Correspondence to: Georgina González-Avila, MD, PhD, Laboratorio de Matriz Extracelular, Departamento de Enfermedades Crónico Degenerativas, Instituto Nacional de Enfermedades Respiratorias, Calzada de Tlalpan 4502, CP 14080, Mexico, D.F., Mexico; e-mail: ggonzalezavila{at}yahoo.com

	Abstract

TOP Abstract Introduction Materials and Methods Results Discussion References

 
Background: Tobacco is considered the most important cause of lung cancer, but other factors could also be involved in its pathogenesis. The aim of the present work was to establish an association between wood smoke exposure and lung cancer pathogenesis, and to analyze the effects of wood smoke on p53 and murine double minute 2 (MDM2) protein expression.

Design: Blood samples were obtained from 62 lung cancer patients, 9 COPD patients, and 9 control subjects. Of the 62 lung cancer patients, 23 were tobacco smokers (lung cancer associated with tobacco [LCT] group), 24 were exposed to wood smoke (lung cancer associated with wood smoke [LCW] group), and 15 could not be included in these groups. Western blot assays were performed to identify the presence of p53, phospho-p53, and murine double minute 2 (MDM2) isoforms in plasma samples. Densitometric analysis was used to determine the intensity of p53, phospho-p53, and MDM2 bands.

Results: Approximately 38.7% of the lung cancer patients examined had an association with wood smoke exposure, most of them women living in rural areas. Adenocarcinoma was present in 46.7% of these patients. The p53 and phospho-p53 proteins were significantly increased in LCW samples (56,536.8 ± 4,629 densitometry units [DU] and 58,244.8 ± 7,492 DU, respectively [± SD]), in comparison with the other groups. The 57-kD MDM2 isoform plasma concentration was very high in LCW and LCT samples (75,696.4 ± 11,979 DU and 78,551.7 ± 11,548 DU, respectively). MDM2-p53 complexes were present in a high concentration in control and COPD subjects. This allows p53 degradation and explains the low concentrations of p53 found in these groups. MDM2-phospho-p53 complexes were observed in COPD but not in the other samples. This correlates with the low concentration of p53 observed in the COPD group (13,657 ± 2,012 DU), and could explain the different clinic evolution of this smoker population in comparison with the LCT subjects.
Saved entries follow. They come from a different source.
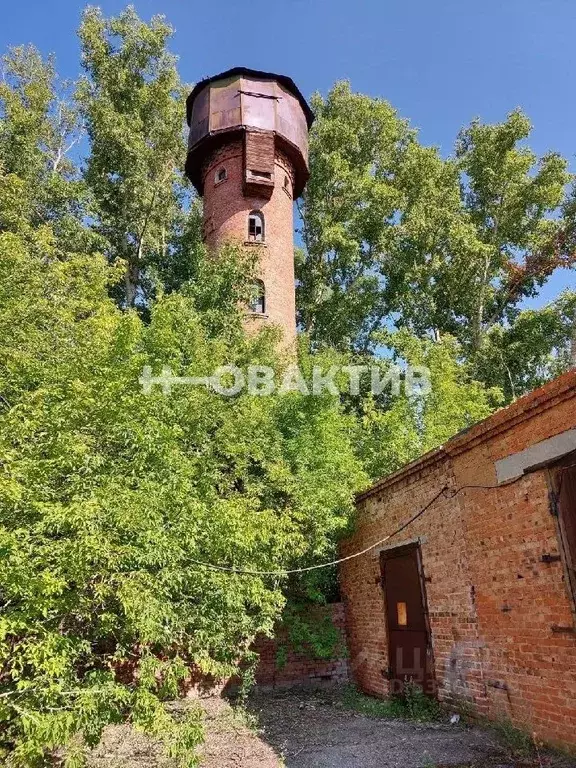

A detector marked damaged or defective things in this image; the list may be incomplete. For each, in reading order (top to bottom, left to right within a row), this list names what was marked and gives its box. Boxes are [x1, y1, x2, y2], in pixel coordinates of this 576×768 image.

rusty metal roof [186, 67, 316, 128]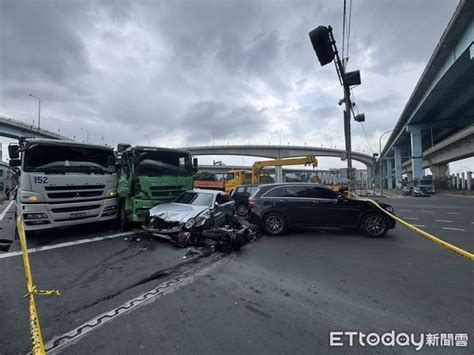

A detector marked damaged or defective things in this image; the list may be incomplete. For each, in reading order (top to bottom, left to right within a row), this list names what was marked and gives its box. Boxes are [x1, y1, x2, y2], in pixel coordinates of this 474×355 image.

damaged vehicle [145, 189, 256, 253]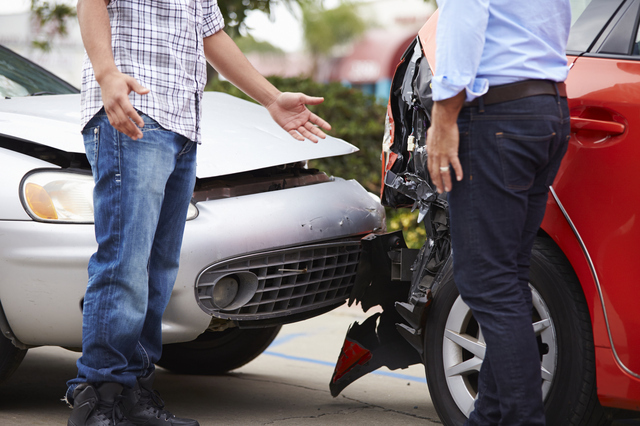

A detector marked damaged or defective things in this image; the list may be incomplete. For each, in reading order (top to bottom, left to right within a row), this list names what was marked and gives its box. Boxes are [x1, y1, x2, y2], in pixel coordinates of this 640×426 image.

silver damaged car [0, 45, 382, 380]
cracked plastic grille [195, 240, 360, 320]
red damaged car [330, 0, 640, 424]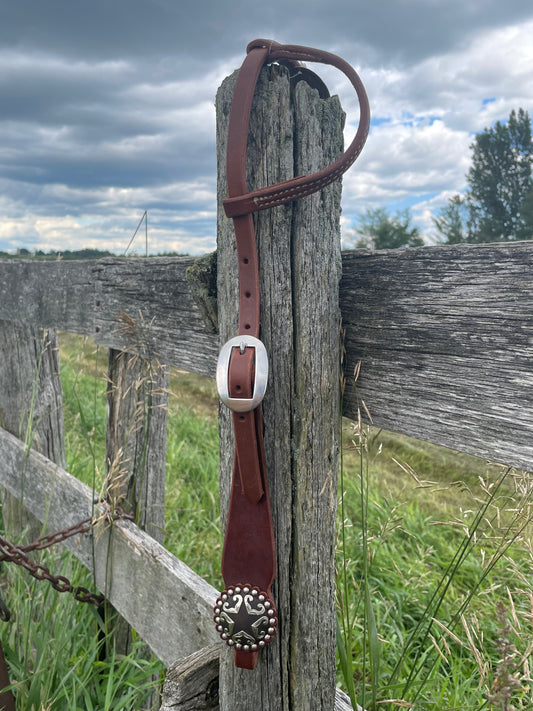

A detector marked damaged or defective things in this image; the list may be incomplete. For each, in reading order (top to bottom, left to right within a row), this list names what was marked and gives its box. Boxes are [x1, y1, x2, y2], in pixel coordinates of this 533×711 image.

rusty chain [0, 512, 133, 608]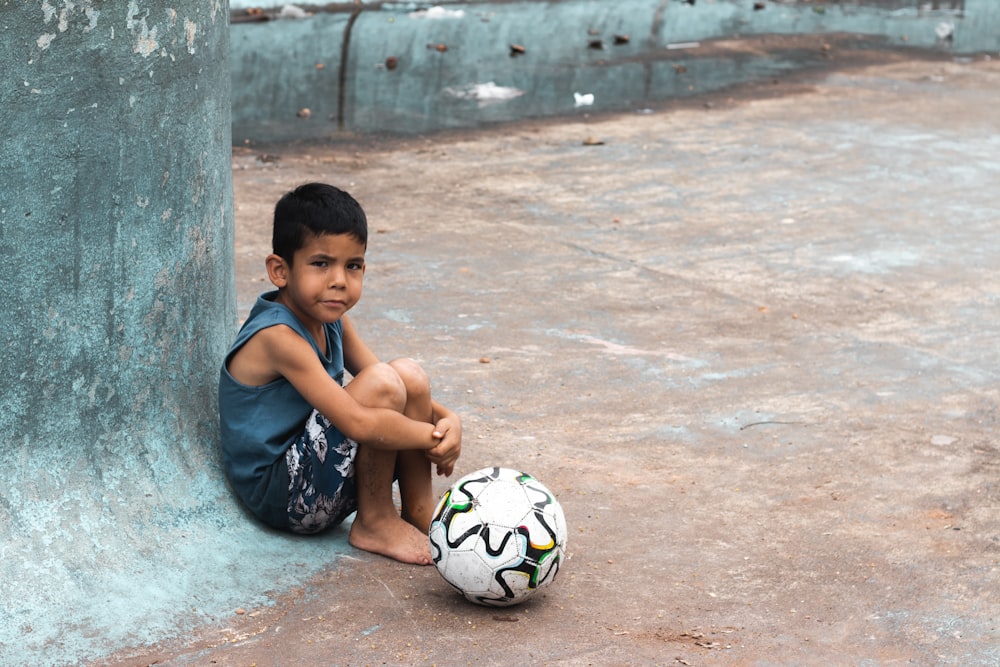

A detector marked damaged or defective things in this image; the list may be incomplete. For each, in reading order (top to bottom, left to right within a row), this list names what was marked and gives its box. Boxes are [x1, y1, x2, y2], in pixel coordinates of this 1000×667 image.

peeling paint on pillar [0, 2, 239, 664]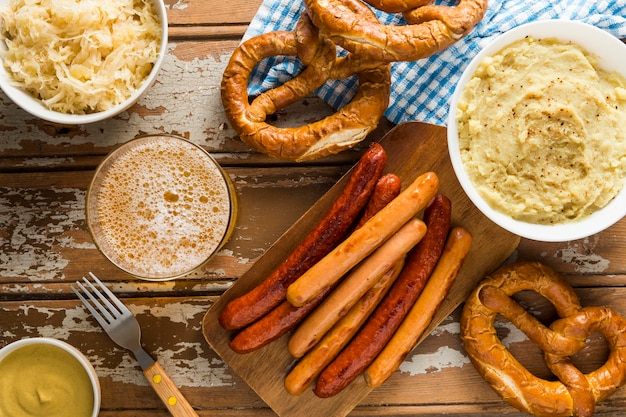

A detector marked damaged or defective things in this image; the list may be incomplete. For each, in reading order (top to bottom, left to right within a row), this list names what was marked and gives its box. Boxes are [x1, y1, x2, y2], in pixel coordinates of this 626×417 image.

peeling white paint [400, 342, 468, 376]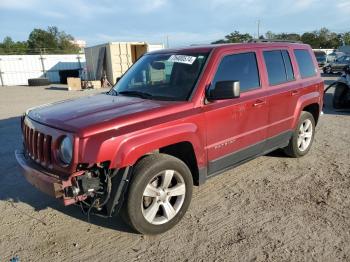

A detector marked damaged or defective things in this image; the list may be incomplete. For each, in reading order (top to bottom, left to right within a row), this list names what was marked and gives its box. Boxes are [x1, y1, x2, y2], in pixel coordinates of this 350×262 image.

front end damage [15, 148, 133, 218]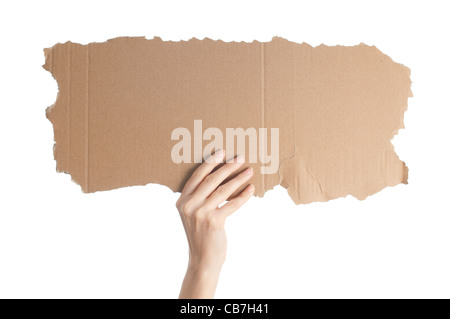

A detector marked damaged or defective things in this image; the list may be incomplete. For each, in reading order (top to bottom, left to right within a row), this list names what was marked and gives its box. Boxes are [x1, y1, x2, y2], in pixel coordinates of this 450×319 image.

ragged cardboard corner [43, 37, 412, 205]
torn cardboard edge [44, 35, 414, 205]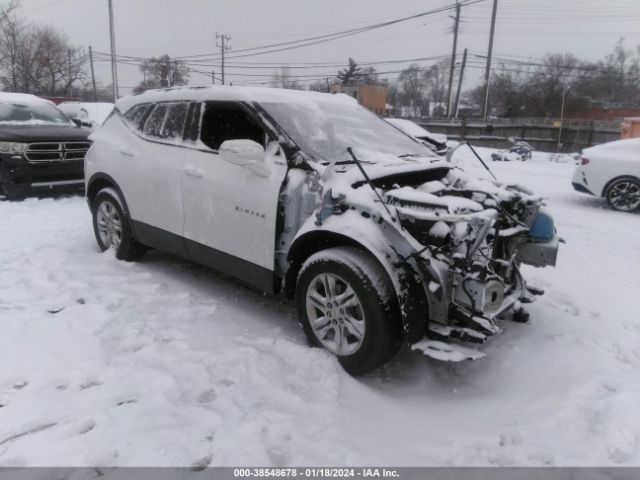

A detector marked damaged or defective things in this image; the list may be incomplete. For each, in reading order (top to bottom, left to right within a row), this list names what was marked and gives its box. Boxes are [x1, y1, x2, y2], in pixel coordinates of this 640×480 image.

damaged front end [304, 161, 560, 360]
Conclusion: This study suggests that there is a possible association of lung cancer with wood smoke exposure. Likewise, our findings demonstrate that wood smoke could produce similar effects on p53, phospho-p53, and MDM2 protein expression as tobacco.
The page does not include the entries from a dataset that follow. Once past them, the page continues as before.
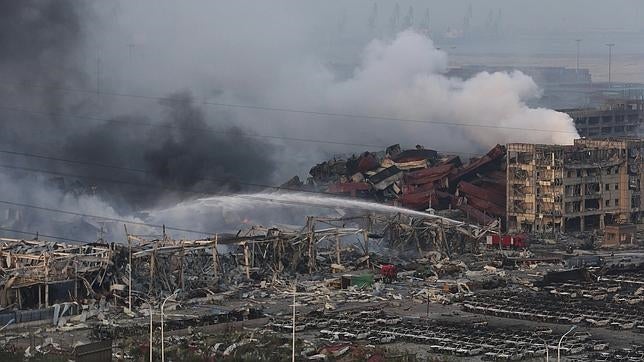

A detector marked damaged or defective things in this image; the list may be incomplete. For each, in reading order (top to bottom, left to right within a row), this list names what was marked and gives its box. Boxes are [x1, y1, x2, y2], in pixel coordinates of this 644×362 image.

damaged multi-story building [506, 137, 640, 233]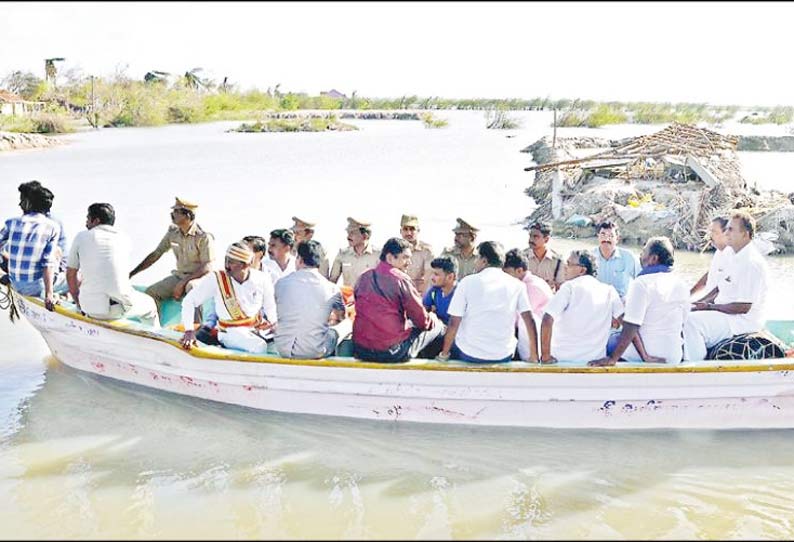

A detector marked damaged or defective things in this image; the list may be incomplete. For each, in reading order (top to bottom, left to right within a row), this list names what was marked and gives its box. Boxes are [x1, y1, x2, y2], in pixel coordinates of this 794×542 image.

damaged structure [520, 123, 792, 253]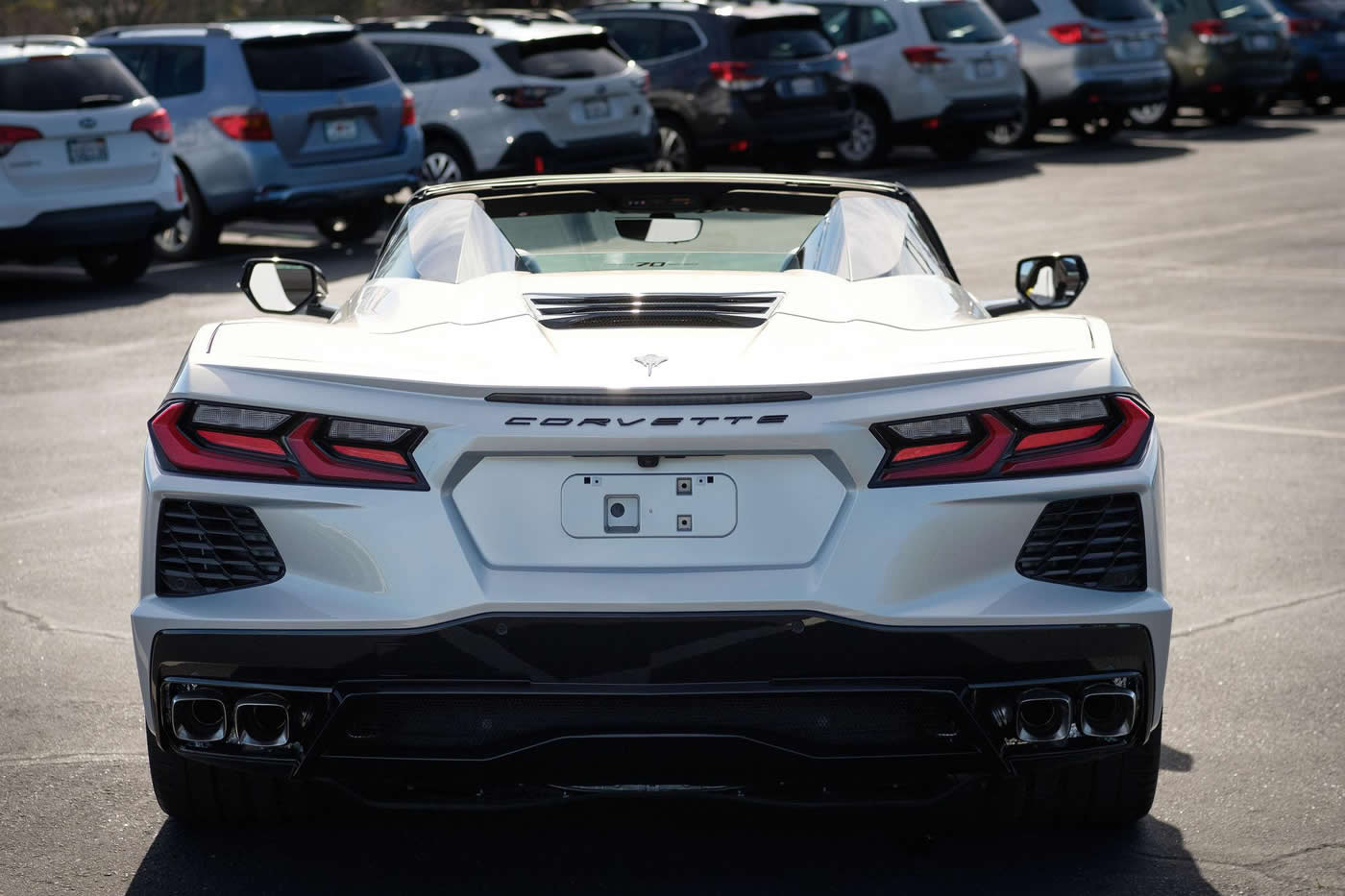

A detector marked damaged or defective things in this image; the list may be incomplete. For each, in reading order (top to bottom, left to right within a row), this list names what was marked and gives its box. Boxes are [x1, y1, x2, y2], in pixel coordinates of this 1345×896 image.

pavement crack [0, 597, 128, 638]
pavement crack [1172, 583, 1345, 638]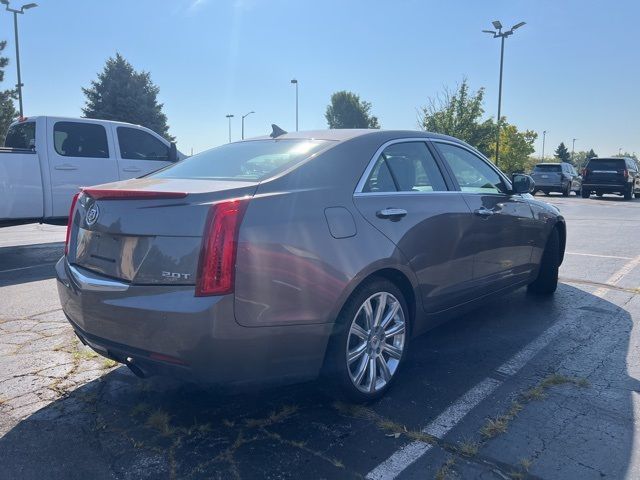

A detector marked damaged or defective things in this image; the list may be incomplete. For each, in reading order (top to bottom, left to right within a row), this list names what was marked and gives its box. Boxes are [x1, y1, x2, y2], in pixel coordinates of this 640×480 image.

Key Words: COPD • lung cancer • murine double minute 2 • p53 • wood smoke.

	Introduction

TOP Abstract Introduction Materials and Methods Results Discussion References

 
Lung cancer is one of the major causes of cancer death in the world.¹ In Mexico, this neoplasm has a mortality rate of 125.2 per 100,000 in men and 48.8 per 100,000 in women.²³ The high lung cancer mortality rate is related to difficulties in early diagnosis due to a lack of symptoms associated with early disease, as well as a poor sensitivity of the classical methods for early detection.
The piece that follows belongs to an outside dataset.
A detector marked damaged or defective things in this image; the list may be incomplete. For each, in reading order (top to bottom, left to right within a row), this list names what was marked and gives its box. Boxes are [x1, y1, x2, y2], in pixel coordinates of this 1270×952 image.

The p53 gene is the most frequently mutated gene found in human cancers.⁴ p53 mutations are present in approximately 50% of the non-small cell lung cancers and approximately 90% of the small cell lung cancers.⁵ The p53 gene encodes a protein that functions as a transcription factor.⁶ The downstream genes regulated by p53 are involved in DNA repair, apoptosis, inhibition of angiogenesis, reentry into cell cycle, oxidative stress, and determination of cell fate.⁷ The activation of the p53 protein occurs through phosphorylation of the serine residues near the C-terminal domain in response to cellular stress produced by DNA damage.⁸ p53 degradation proceeds through an autoregulatory feedback loop.⁶⁹ p53 stimulates murine double minute 2 (MDM2) transcription; MDM2 then binds to the p53 unphosphorylated N-terminal domain promoting its degradation by the ubiquitin-proteasome pathway, lowering p53 cell concentration and MDM2 expression.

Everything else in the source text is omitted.